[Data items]
═══

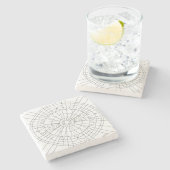 Dessous-de-verre En Pierre Geometric Mandala Pattern (Côté)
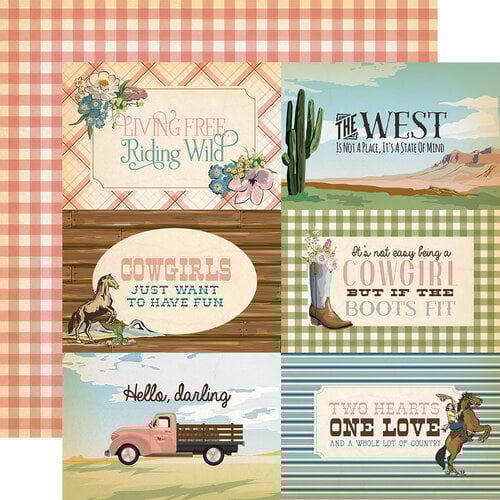 Carta Bella Paper - Cowgirl Collection - 12 x 12 Double Sided Paper - 6 x 4 Journaling Cards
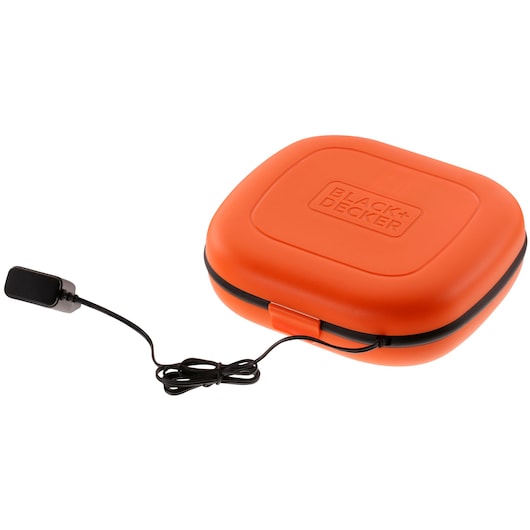 Photo of BLACK+DECKER BCF611CK orange hard carrying case with black zipper, shown with an attached power cord, front angle.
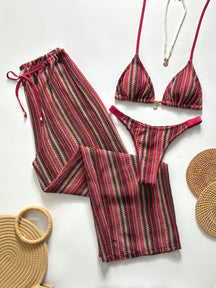 Conjunto Biquíni 3 Peças Tricô Elegante Ariela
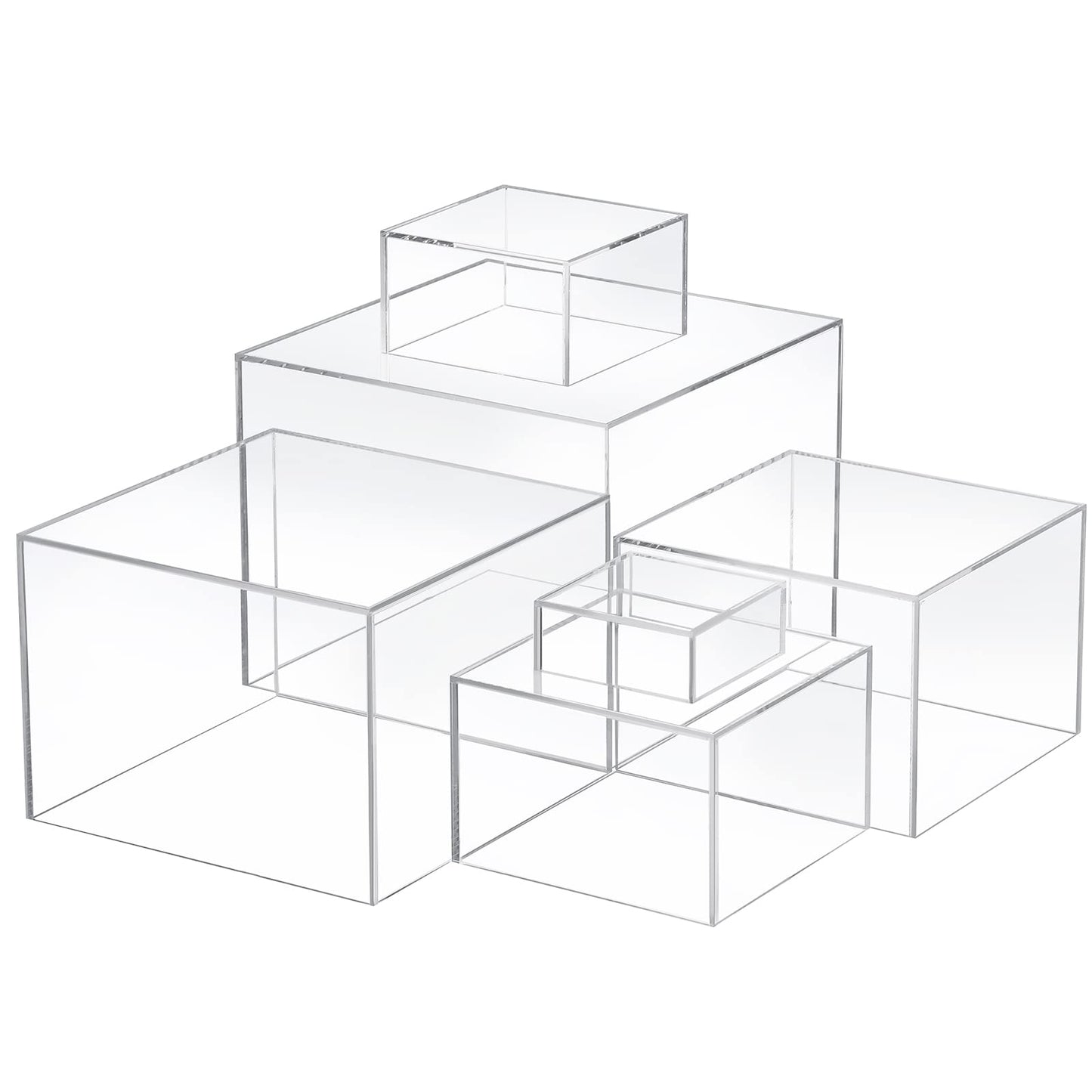 Geelin 6 Pack Acrylic Risers for Display Acrylic Cube Boxes Risers Display Stands with Hollow Bottoms Decorative Stand for Jewelry Candy Table Decor 6 Sizes(Clear,3 to 8 Inch,Square)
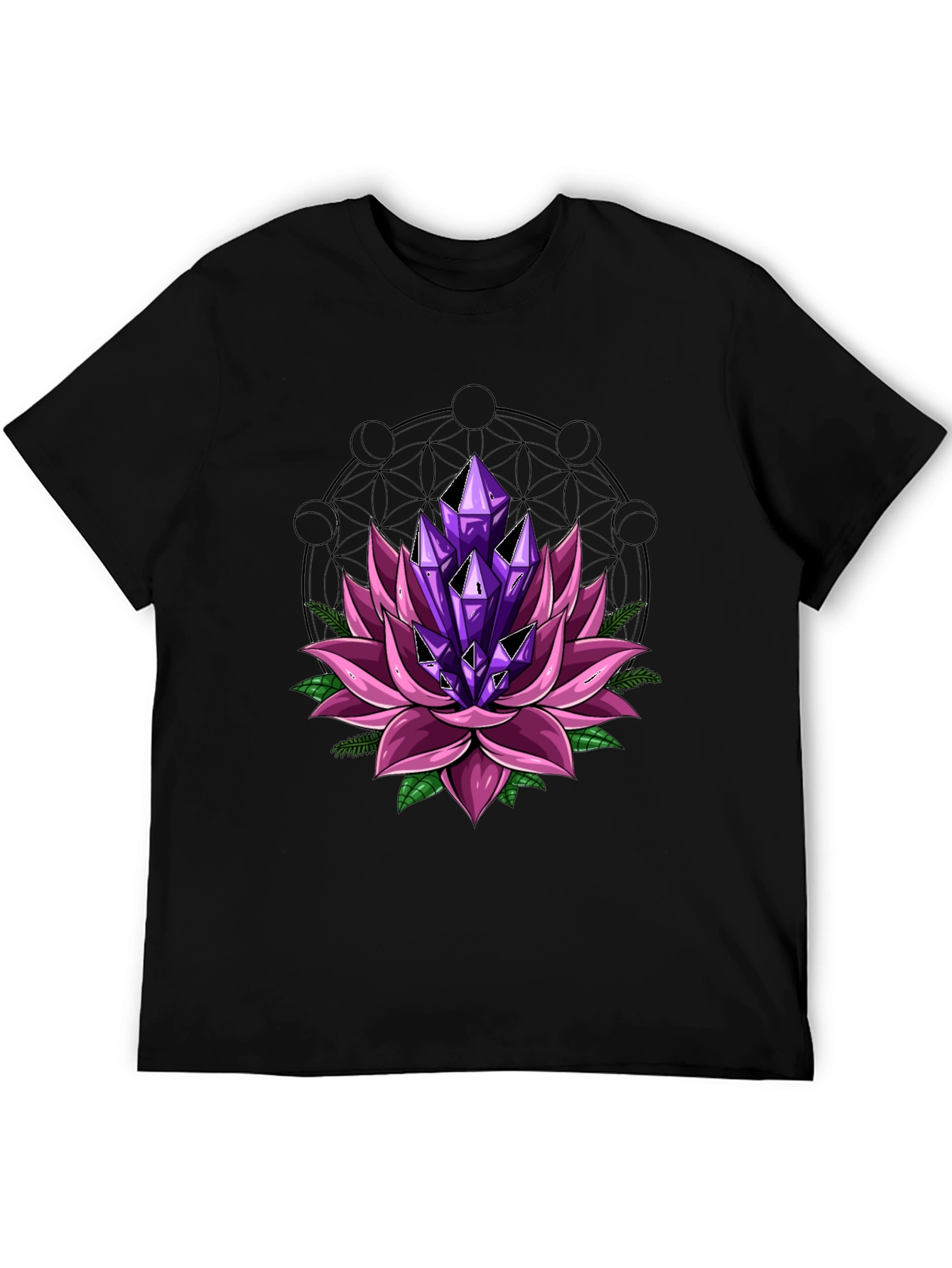 Lotus Flower Crystal T-Shirt - Black Graphic Tee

═══

● AIM OF THE TASK: Could you transcribe the records above exactly, leaving every picture out?

● RESULT FOR THIS TASK:
 Dessous-de-verre En Pierre Geometric Mandala Pattern (Côté)
 Carta Bella Paper - Cowgirl Collection - 12 x 12 Double Sided Paper - 6 x 4 Journaling Cards
 Photo of BLACK+DECKER BCF611CK orange hard carrying case with black zipper, shown with an attached power cord, front angle.
 Conjunto Biquíni 3 Peças Tricô Elegante Ariela
 Geelin 6 Pack Acrylic Risers for Display Acrylic Cube Boxes Risers Display Stands with Hollow Bottoms Decorative Stand for Jewelry Candy Table Decor 6 Sizes(Clear,3 to 8 Inch,Square)
 Lotus Flower Crystal T-Shirt - Black Graphic Tee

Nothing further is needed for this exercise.